Once you feel like your body is getting into the groove of things as you train, you will want to start implementing targeted exercises. This means that you are doing things that specifically target muscle groupings or body functions needed while mountain climbing. Ideally, you would want to take a day hike with a certain amount of weight and hike trails with increasing elevation gain. However, not everyone has immediate access to nice high peaks to train on so I have come up with a few ideas you can do at home or in a gym.
#5: Hill Sprints
You may not have mountains, but most places have a nearby hill. Whether its an entire neighborhood in length, or just a little one at a park, you can strap on a pack, and time yourself. The first goal is to get faster. You want to be climbing at a rate of 1000 vertical feet per hour minimum before adding weight.
#4: Weighted Hill Climb
This is how you can add onto the sprints. you try it, add 10% of your body weight added to a pack. Each week, try to get a little bit faster and/or add 5% more weight. Your goal should be that able to carry a 20-25% of your body weight in a pack up 1000 vertical feet per hour nearing the date of your trip. If hills are simply non existent where you live, stair masters, or treadmills with high incline will work just fine as long as you don’t mind people in the gym giving you a look for wearing a rucksack.
#3: Stadium Stairs
High school and college stadium seats are full of stairs! Did you know that they are a great way to build endurance? You can create your own interval workout on any stadium seating! The bleachers are great for long strides. a great deep thigh burn in your quads, and high intensity cardio on your heart and lungs. The smaller little stairs can be used for rapid sprint bursts, or a rest walk on the way back down. On a target training day, hauling a heavy rucksack up and down those stairs will REALLY work those leg muscles. You can use the same method as the hill sprints and climbs by adding more weight and trying to increase speed over time.
#2: City Hike or Ride
NOTE: If you live in a crowded city, notorious for bad air quality, this one is NOT recommended.

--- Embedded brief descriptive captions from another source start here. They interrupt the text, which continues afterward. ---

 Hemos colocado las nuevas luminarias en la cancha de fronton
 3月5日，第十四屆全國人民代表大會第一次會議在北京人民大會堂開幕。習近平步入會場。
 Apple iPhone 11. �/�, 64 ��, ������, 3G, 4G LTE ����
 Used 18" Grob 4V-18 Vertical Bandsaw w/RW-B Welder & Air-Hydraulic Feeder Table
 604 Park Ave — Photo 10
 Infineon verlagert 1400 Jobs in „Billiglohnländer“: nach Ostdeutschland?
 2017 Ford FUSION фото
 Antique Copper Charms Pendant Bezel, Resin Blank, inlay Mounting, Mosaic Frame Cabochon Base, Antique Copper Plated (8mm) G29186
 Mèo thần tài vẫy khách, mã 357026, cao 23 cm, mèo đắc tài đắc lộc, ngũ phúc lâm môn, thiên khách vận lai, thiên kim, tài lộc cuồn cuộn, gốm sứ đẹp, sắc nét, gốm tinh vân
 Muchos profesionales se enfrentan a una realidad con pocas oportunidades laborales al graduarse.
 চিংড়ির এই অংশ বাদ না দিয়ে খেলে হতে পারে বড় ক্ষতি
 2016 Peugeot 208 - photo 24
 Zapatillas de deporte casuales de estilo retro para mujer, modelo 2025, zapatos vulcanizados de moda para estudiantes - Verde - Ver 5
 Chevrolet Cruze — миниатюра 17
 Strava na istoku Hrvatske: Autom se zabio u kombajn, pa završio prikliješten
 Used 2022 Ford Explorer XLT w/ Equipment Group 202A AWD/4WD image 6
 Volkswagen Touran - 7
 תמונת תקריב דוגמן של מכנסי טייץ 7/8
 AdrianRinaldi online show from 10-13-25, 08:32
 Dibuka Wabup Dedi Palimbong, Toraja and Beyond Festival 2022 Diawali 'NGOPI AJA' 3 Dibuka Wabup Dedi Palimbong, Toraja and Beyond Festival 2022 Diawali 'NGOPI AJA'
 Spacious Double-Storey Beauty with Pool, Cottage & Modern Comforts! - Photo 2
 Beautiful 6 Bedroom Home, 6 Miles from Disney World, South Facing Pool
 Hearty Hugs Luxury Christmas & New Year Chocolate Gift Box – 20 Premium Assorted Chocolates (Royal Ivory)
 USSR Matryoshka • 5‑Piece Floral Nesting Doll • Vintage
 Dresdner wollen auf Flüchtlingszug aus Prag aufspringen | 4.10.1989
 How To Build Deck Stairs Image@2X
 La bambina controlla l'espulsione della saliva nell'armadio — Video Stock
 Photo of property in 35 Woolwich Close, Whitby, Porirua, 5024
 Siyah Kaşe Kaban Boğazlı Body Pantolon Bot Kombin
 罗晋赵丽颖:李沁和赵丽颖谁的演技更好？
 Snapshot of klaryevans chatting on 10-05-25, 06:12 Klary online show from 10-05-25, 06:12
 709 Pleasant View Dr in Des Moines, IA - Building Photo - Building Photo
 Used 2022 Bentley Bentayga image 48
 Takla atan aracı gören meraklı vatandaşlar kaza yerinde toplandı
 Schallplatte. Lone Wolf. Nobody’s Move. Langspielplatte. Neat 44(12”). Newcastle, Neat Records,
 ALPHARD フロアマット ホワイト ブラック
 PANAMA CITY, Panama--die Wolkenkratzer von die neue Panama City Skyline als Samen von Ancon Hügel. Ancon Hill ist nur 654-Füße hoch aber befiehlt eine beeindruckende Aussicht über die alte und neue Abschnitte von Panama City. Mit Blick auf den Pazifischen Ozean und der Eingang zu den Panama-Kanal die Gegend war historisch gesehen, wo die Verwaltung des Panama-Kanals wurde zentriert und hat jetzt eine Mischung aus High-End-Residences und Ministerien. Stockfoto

Keep your lungs healthy! Time to start putting miles on your boots. However, you may not have a mountain to climb on. If that is the case, pick 2 points in the city you live. they can be anywhere, or you can make it fun and visit some landmarks. You will be carrying 30-40lbs in your pack, and taking a stroll through the town. If your town is pretty flat, start with a goal of 5-6 miles (should take about 2-3 hours). Increase it by a mile or two each week. you can map out a loop, or have someone drop you off and pick you up and two different points, or utilize public transit. Just remember that once you start walking, don’t stop until you reach your endpoint. Another option would be to take a bike ride! Aim for at least an hour total ride time to start (12-15miles), and with the same idea, pick a landmark, and don’t stop until you reach your destination and return. Just be sure to obey rules of the road!
#1: Beach Run
Okay, okay so just because you don’t have mountains, doesn’t mean you have a beach either… but do you know where you can find sand dunes nearby? Or maybe sand trails or dirt hills? Running in the sand has always had a notorious reputation for being challenging and exhausting. The loose grains beneath your feet don’t give you traction and can slow you way down. This is a good way to build endurance not only in your heart and lungs, but in your legs. Equestrian parks are a GREAT place to run around for this. those annoying little wood chips are almost as bad as sand. If you are not a ran of running, simply strap on your pack, and try taking a stroll. Shoot for a 20-minute mile with 30-40lbs in your pack. That will get your heart pumpin’!